Former Gov. Pat Quinn thinks he knows how to get a redistricting ballot question past the Illinois Supreme Court. The Democrat, who lost his 2014 re-election bid to Republican Bruce Rauner, has been on a bit of a petition drive since becoming a private citizen. Until Tuesday, his focus had been local — he spent the summer soliciting Chicagoans for signatures to get mayoral term limits on a future ballot. Last week’s state Supreme Court decision to keep the Independent Maps group’s redistricting question off the Nov. 8 ballot created an opening for Quinn to again remind people that he led the only successful citizen-driven petition to change the state constitution — in 1980.
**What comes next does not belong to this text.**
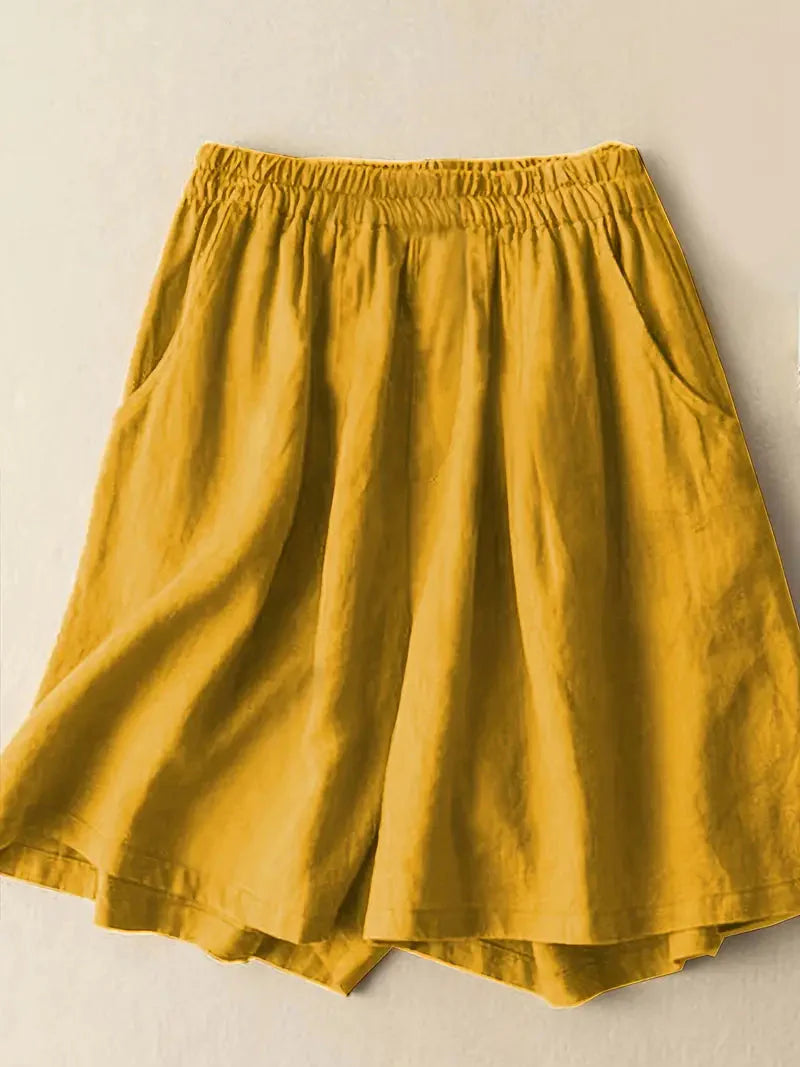 Sommarshorts, Hög midja, Elastisk midja, Linneshorts, Damshorts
That experience makes Quinn an authority on the matter, he contends. So he took the redistricting proposal that died in the courts this summer and slimmed it down to something simpler. Under his plan, the state Supreme Court would appoint an 11-member commission to draw new lines after each once-a-decade census, and the map would have to be approved by at least seven of the members.
“I think it’s important to have something lean and clean and pristine,” Quinn said.
The timing of the announcement was unusual, given that the Illinois Constitution does not allow petitions to be circulated until two years before the next election. Also, it’s worth noting that it was Quinn who approved the current map, which was last redrawn during his governorship in 2011. The Illinois Republican Party certainly noted it.